O Marechal de Campo Francisco José de Souza Soares de Andrea (1781-1858). Português de nascimento, assumiu o Governo da Província de Santa Catarina no mês seguinte à proclamação da República Juliana. Em 1855, recebeu o título de Barão de Caçapava. Foi também presidente das províncias da Bahia, Minas Gerais, Pará e Rio Grande do Sul.
Litografia de S. A. Sisson, 1861.
Giuseppe Garibaldi, em 1845.
Óleo sobre tela por Malinski, acervo do Museo del Risorgimento, Milano, Itália.
Giuseppe Garibaldi (1807-1882)
Ainda jovem, o revolucionário italiano refugiou-se no Brasil, em 1835, após sua participação numa tentativa fracassada de unificar a Itália.
No Brasil, sua contribuição aos movimentos liberais foi apenas marginal. Sua maior atuação no Sul foi como pirata, atacando e saqueando embarcações imperiais.
Em 1837, soube que o italiano Tito Lívio Zambeccari, estava preso no Rio de Janeiro. Após uma visita a Zambeccari, Garibaldi aderiu à Revolução Farroupilha.
Em Laguna, Garibaldi apaixonou-se pela catarinense Anna Maria (Anita) de Jesus Ribeiro da Silva (1821-1849), casada. Seu marido havia se alistado no exército imperial.
Em 30 de outubro de 1839, quando a República Juliana já agonizava, Anita escreveu à sua irmã no Rio de Janeiro, informando que foi chamada de puta e traidora por seus conterrâneos. Anita passou a morar, com Giuseppe, no navio Rio Pardo, dizendo que fugia da hostilidade da maior parte dos habitantes de Laguna contra ela.
Após a reconquista de Laguna pelos imperiais, Garibaldi e Anita seguiram juntos para Lajes e, depois, para o Rio Grande do Sul.
Em 1840, Garibaldi deixou os farrapos e seguiu, com Anita, para o Uruguay, transportando gado. Depois, entrou para a Marinha do Uruguay e combateu o ditador argentino Rosas. Em 1848, os dois foram para a Itália, com seus três filhos. Anita faleceu em 1849, com pneumonia. Posteriormente, já experiente, Garibaldi teve participação importante na unificação da Itália, conquistando a Sicília e Nápoles.
Expedição a Laguna, por Lucílio de Albuquerque, tela no Instituto de Educação Gal. Flores da Cunha, Porto Alegre.

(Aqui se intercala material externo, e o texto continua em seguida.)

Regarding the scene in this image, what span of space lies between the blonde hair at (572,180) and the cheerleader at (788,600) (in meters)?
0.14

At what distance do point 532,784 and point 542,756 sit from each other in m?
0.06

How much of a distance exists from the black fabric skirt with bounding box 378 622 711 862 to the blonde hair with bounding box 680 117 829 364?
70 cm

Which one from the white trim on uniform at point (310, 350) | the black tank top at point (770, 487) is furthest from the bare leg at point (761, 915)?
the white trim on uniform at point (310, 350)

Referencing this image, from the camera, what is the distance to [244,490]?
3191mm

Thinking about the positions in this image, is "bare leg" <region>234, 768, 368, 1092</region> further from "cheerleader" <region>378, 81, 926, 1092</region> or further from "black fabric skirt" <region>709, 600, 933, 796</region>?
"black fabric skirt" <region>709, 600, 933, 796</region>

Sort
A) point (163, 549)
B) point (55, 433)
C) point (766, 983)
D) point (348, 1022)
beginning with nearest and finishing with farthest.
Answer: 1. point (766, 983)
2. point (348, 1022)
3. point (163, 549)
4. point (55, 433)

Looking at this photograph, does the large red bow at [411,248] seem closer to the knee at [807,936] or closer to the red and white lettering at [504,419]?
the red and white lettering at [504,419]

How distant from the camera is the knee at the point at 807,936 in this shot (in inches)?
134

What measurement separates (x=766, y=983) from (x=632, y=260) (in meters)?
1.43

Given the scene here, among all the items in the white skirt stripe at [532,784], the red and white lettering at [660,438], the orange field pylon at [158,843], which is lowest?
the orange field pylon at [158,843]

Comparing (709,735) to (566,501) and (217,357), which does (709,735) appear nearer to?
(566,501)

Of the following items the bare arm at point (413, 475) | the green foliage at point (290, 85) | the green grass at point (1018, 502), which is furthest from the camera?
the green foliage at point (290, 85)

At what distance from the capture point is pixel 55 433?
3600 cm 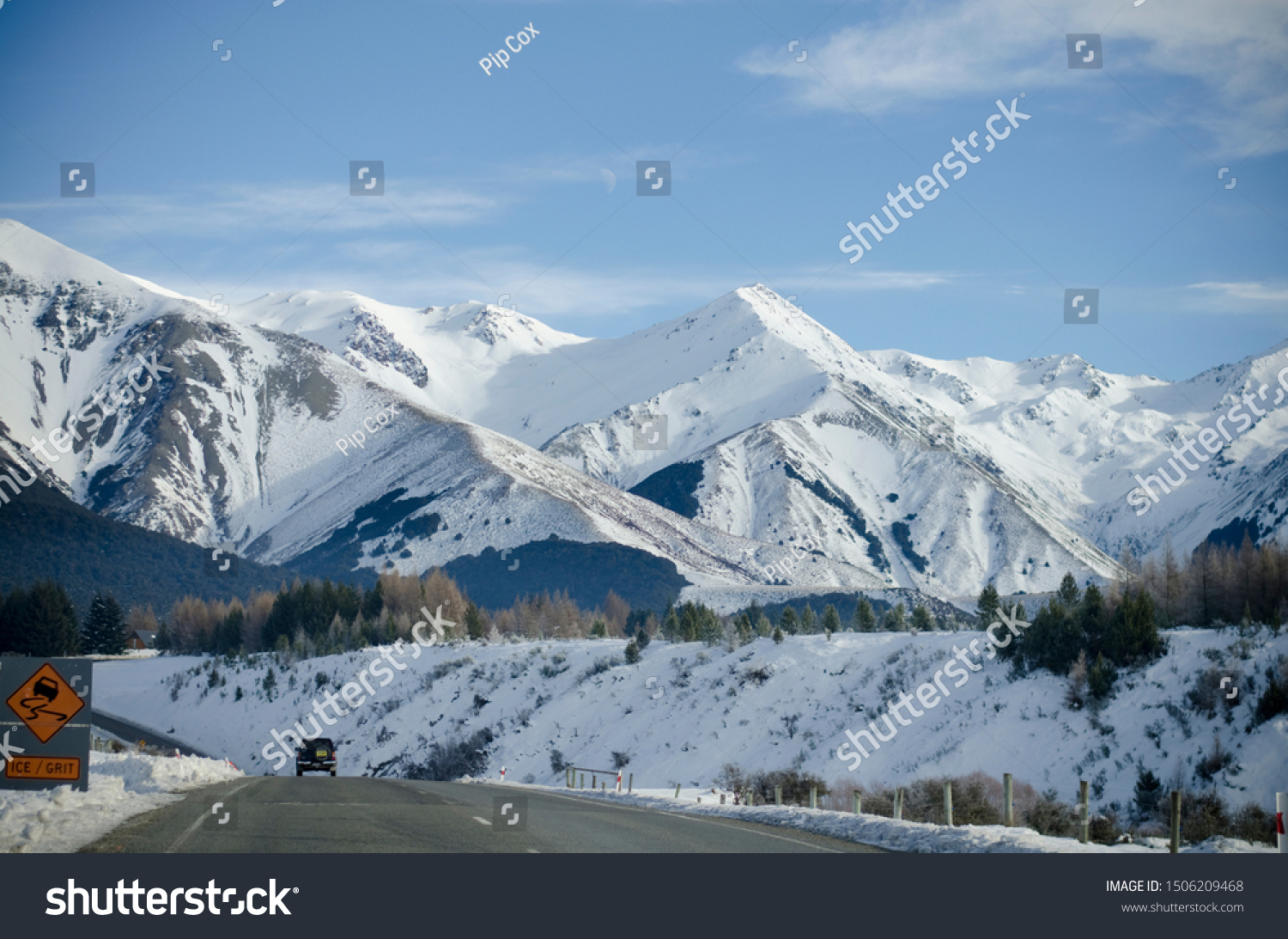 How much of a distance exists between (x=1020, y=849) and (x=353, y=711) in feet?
262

A batalha de reconquista de Laguna pelas forças imperiais, em novembro de 1839. Ilustração do artista catarinense Rafael Mendes de Carvalho (1817-1870), original na Biblioteca Nacional.

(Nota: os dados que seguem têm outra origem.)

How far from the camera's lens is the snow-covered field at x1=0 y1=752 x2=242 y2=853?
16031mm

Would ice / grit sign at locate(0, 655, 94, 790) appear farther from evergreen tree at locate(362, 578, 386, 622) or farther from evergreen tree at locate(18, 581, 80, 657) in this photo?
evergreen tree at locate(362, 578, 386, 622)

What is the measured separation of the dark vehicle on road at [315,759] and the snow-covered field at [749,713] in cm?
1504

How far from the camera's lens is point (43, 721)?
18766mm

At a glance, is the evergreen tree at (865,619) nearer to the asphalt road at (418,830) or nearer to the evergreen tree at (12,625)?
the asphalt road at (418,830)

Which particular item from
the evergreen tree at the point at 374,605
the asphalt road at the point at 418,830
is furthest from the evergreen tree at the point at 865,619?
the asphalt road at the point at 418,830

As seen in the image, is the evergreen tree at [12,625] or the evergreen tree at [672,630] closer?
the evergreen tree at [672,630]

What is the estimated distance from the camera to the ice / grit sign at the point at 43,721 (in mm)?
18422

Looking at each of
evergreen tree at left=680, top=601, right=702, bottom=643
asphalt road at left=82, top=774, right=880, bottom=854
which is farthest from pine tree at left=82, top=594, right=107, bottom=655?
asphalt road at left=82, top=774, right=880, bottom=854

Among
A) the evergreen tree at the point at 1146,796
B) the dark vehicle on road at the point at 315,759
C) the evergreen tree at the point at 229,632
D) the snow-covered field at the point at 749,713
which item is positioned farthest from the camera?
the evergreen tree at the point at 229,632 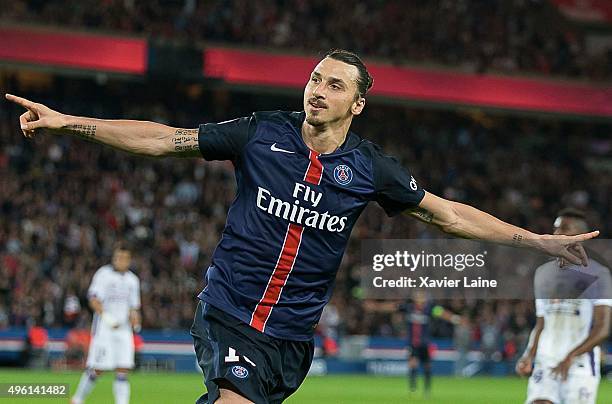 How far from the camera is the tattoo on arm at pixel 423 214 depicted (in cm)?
602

David José Martins (1796-1867), conhecido como David Canabarro. Fundador da República Juliana. Nasceu na estância de seus pais, perto de Taquari, e adotou o sobrenome do tio. Foi militar do Império do Brasil, antes e depois de aderir à Revolução Farroupilha.
(foto pintura/reprodução na Casa David Canabarro, Santana do Livramento).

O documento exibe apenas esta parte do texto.